--- SUPPLIED RECORDS ---

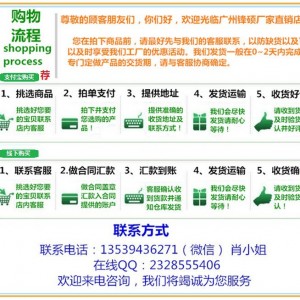 锋硕直供 燃气自动旋转烤全羊烤全猪炉 商用烧烤炉设备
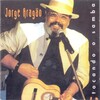 Jorge Aragao - Perfume E Musica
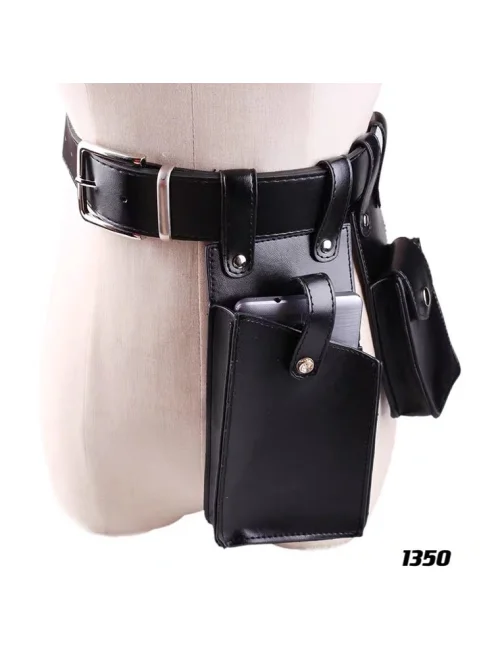 Saszetka torba damska SGC145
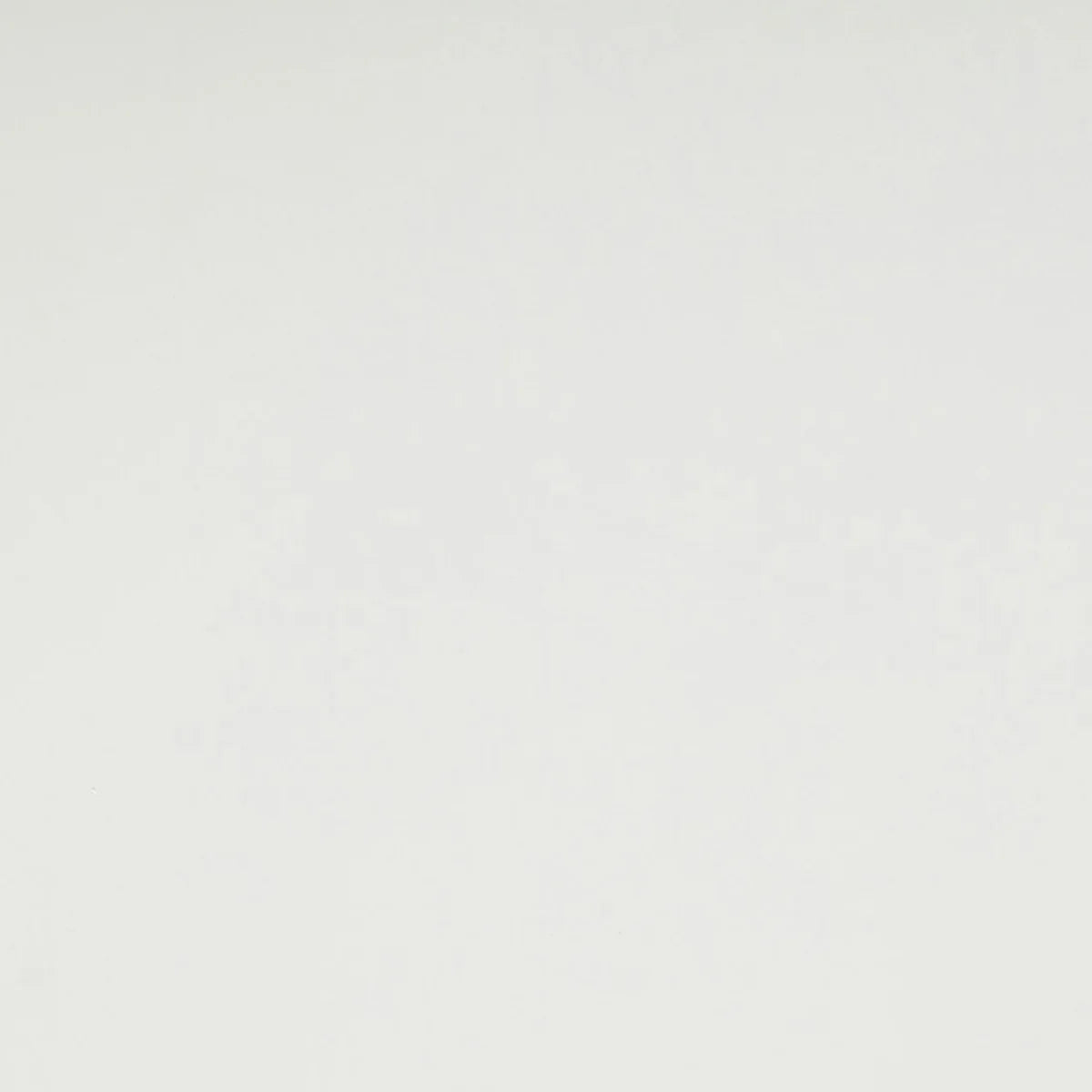 Dekton Halo - couleur et matière
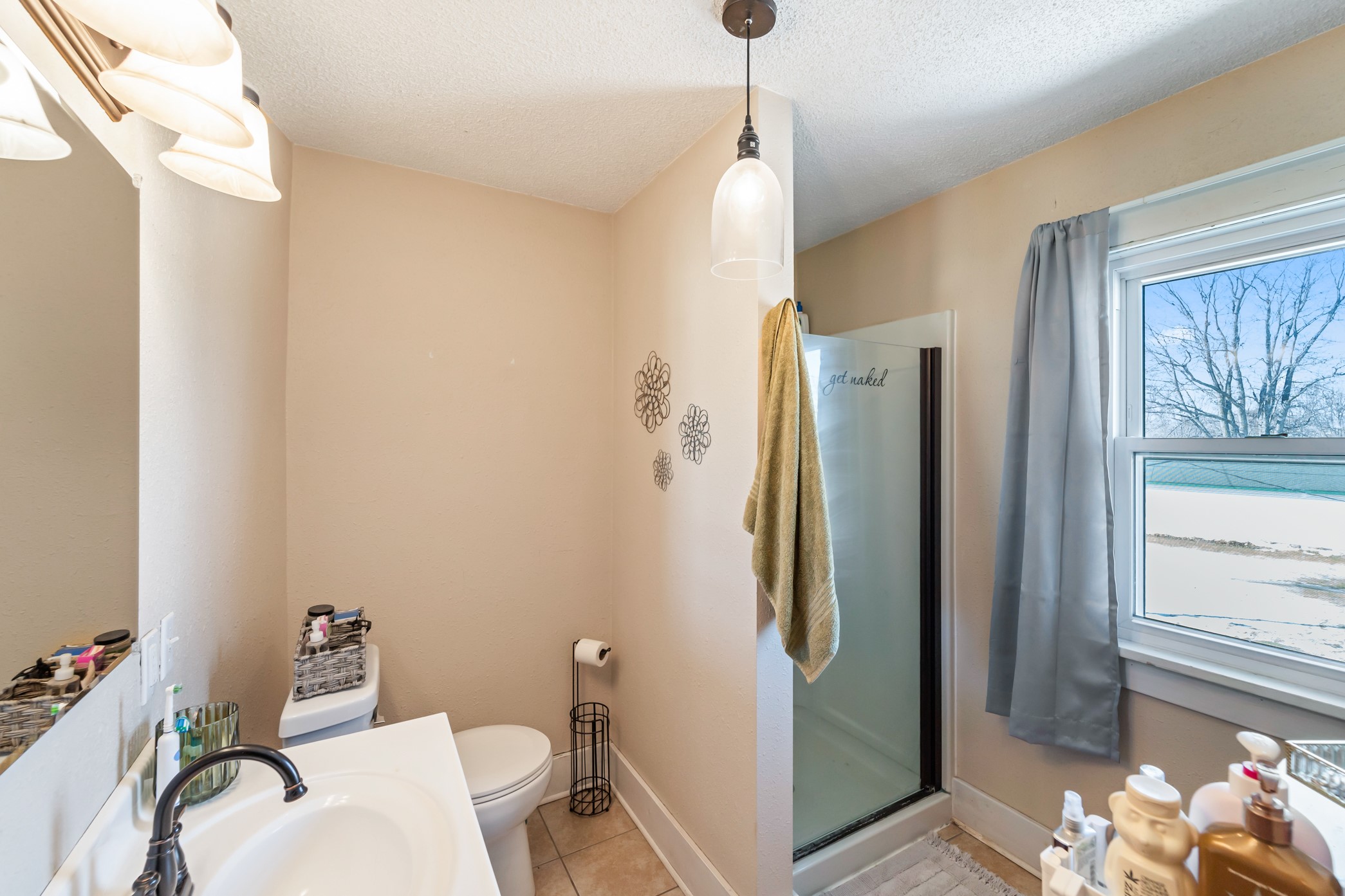 502 E Douglas Street, Knoxville, Iowa image 15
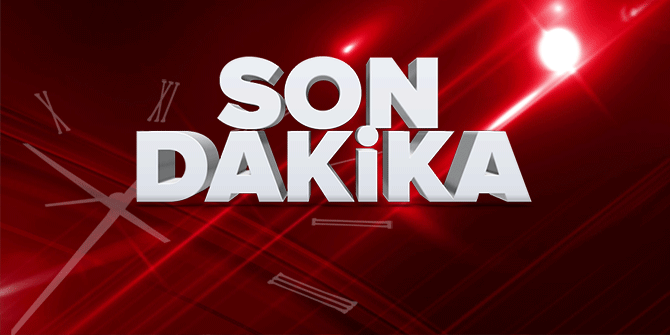 Son dakika: Kastamonu’da feci kaza! Çok sayıda yaralı var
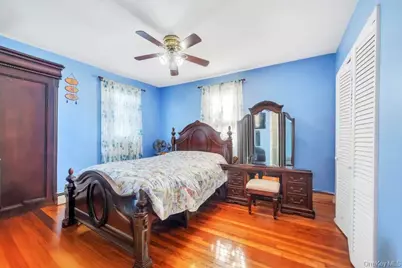 8108 164th Place, Jamaica, NY 11432 - Photo 17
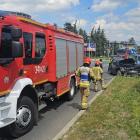 Fotka nr 2 z 5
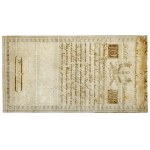 10 złotych 1794 - C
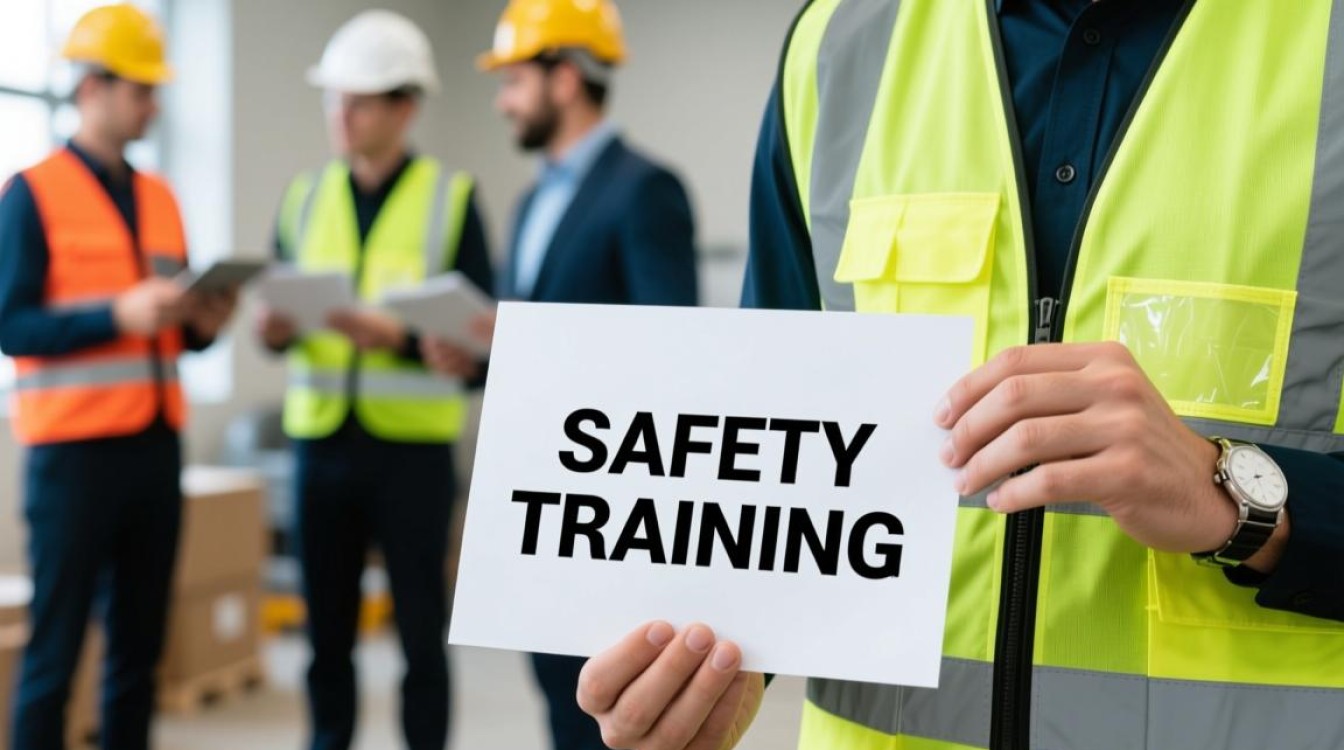 安全培训费用预算怎么定才合理? 安全培训费用预算怎么定才合理?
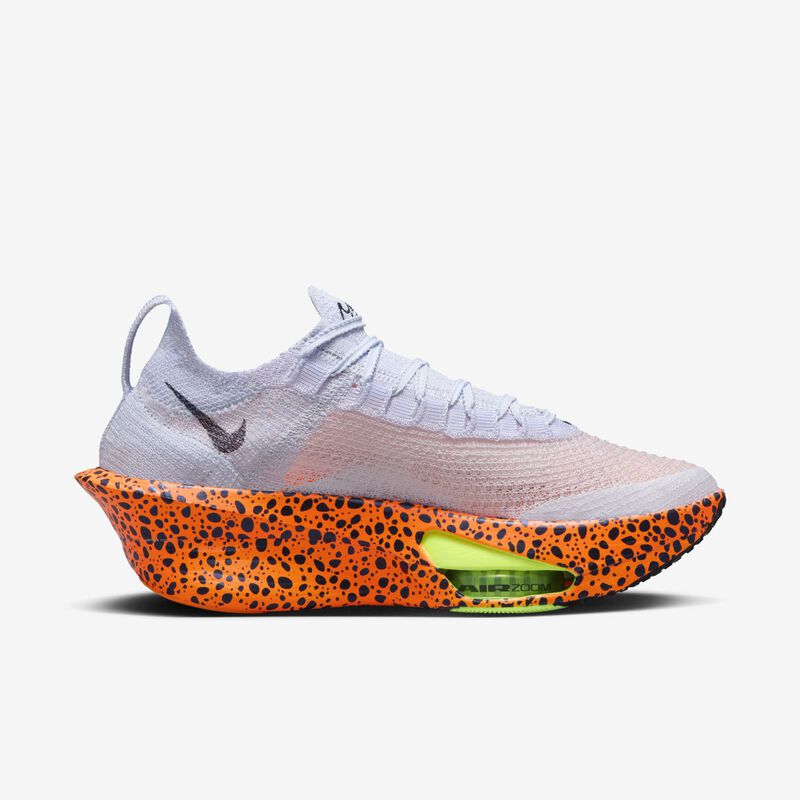 Nike Alphafly 3 Electric, SURTIDO, hi-res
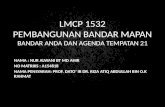 Lmcp 1532.pptx task 5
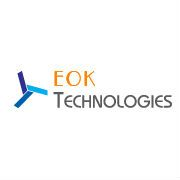 Eok technologies inc.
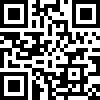 https://isna.ir/xdRD92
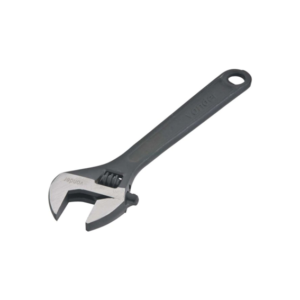 VONDER CHAVE AJUSTAVEL 12" FOSFATIZADA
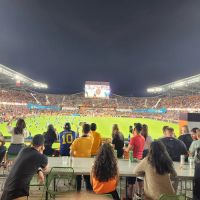 Heineken Terrace ico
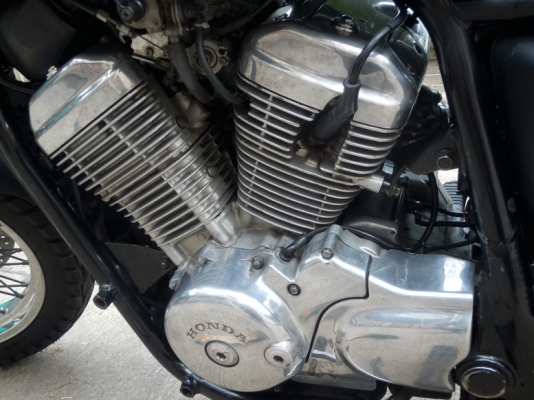 vrx 400 อินวอย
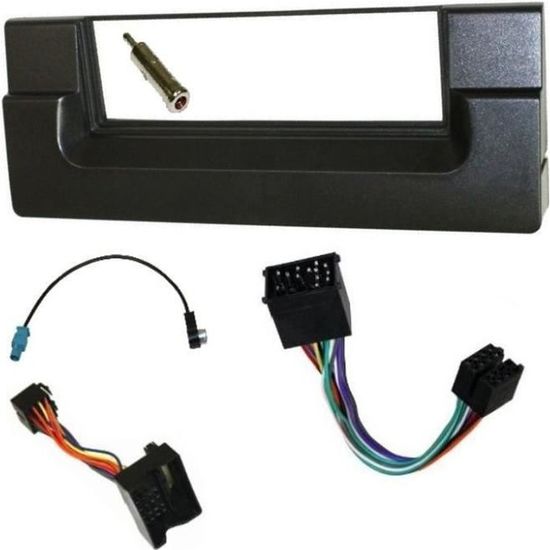 Classic Mini-riscaldatore e soffocare Clip Cavo Per HIF38 HIF44-CZK6491-516962 A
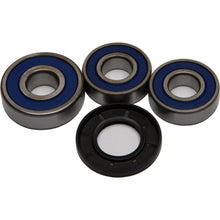 Rear Wheel Bearing/Seal Kit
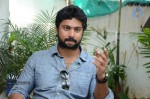 Actor Avinash Interview Photos - 25 of 56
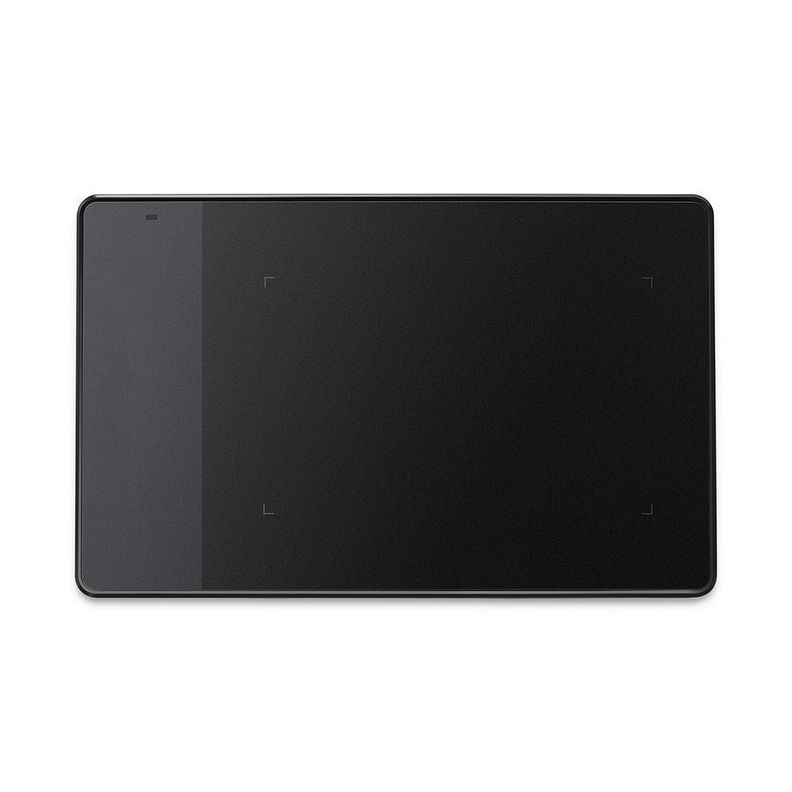Tableta Gráfica Digitalizadora Huion 420-2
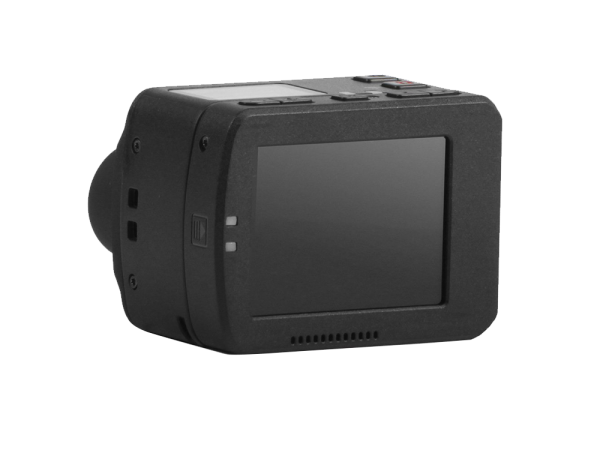 AEE S60 Plus Aksiyon Kamera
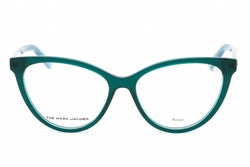 foto frontal sku 30093388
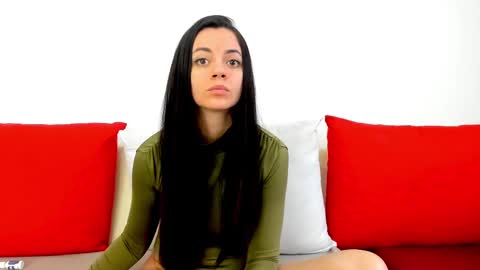 cute_angel95 online show from 02/18/25, 06:26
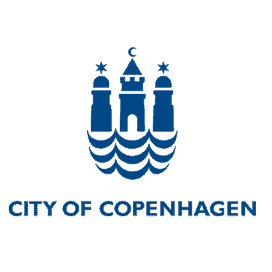 Assembly Voting-City of Copenhagen logo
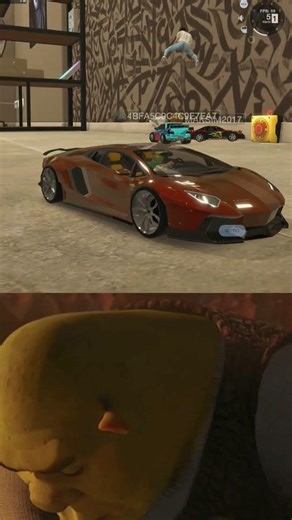 Office Map 😂 | Game: Tuning Club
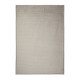 Couverture VINGA en rPET GRS Branson - Couverture personnalisable écologique et certifiée OEKO-TEX Standard 100.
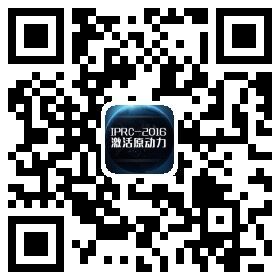 如果當(dāng)年高考我報了這些專業(yè)，也許早就不用加班了...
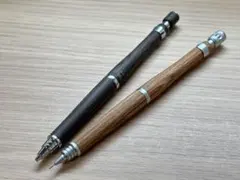 Item thumbnail for item 085c5ae5-9182-4e98-af40-81c21b84defb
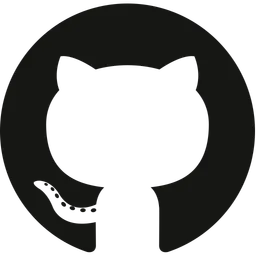 GitHub
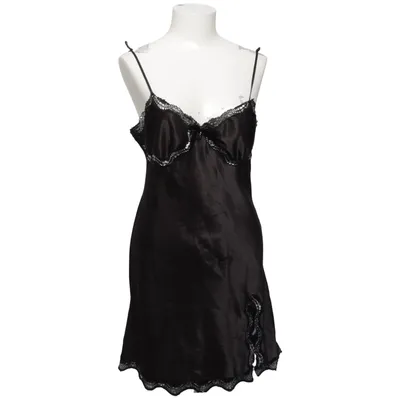 Negligee (Black) from Secret Possessions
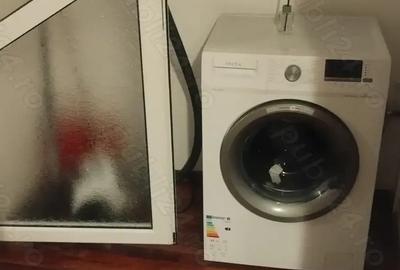 Apartament 2 camere Renovat - Complet MOBILAT si Utilat - Zona Independentii Biserica Noua - 8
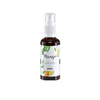Anwen - Olej do włosów średnioporowatych. Mango - 50 ml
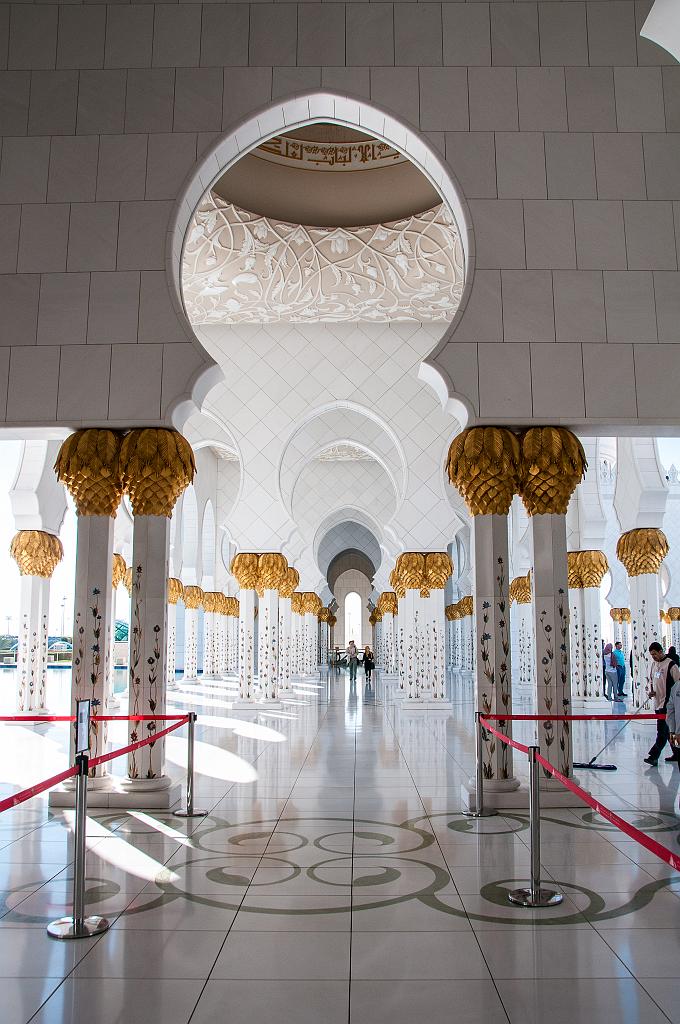 Dubai_053.jpg - (C) Peter Graefling 2012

---

PROBLEM DETAILS:
Without the pictures, write out the whole listing exactly as it appears.

THE COMPLETED TASK:
 锋硕直供 燃气自动旋转烤全羊烤全猪炉 商用烧烤炉设备
 Jorge Aragao - Perfume E Musica
 Saszetka torba damska SGC145
 Dekton Halo - couleur et matière
 502 E Douglas Street, Knoxville, Iowa image 15
 Son dakika: Kastamonu’da feci kaza! Çok sayıda yaralı var
 8108 164th Place, Jamaica, NY 11432 - Photo 17
 Fotka nr 2 z 5
 10 złotych 1794 - C
 安全培训费用预算怎么定才合理? 安全培训费用预算怎么定才合理?
 Nike Alphafly 3 Electric, SURTIDO, hi-res
 Lmcp 1532.pptx task 5
 Eok technologies inc.
 https://isna.ir/xdRD92
 VONDER CHAVE AJUSTAVEL 12" FOSFATIZADA
 Heineken Terrace ico
 vrx 400 อินวอย
 Classic Mini-riscaldatore e soffocare Clip Cavo Per HIF38 HIF44-CZK6491-516962 A
 Rear Wheel Bearing/Seal Kit
 Actor Avinash Interview Photos - 25 of 56
Tableta Gráfica Digitalizadora Huion 420-2
 AEE S60 Plus Aksiyon Kamera
 foto frontal sku 30093388
 cute_angel95 online show from 02/18/25, 06:26
 Assembly Voting-City of Copenhagen logo
 Office Map 😂 | Game: Tuning Club
 Couverture VINGA en rPET GRS Branson - Couverture personnalisable écologique et certifiée OEKO-TEX Standard 100.
 如果當(dāng)年高考我報了這些專業(yè)，也許早就不用加班了...
 Item thumbnail for item 085c5ae5-9182-4e98-af40-81c21b84defb
 GitHub
 Negligee (Black) from Secret Possessions
 Apartament 2 camere Renovat - Complet MOBILAT si Utilat - Zona Independentii Biserica Noua - 8
Anwen - Olej do włosów średnioporowatych. Mango - 50 ml
 Dubai_053.jpg - (C) Peter Graefling 2012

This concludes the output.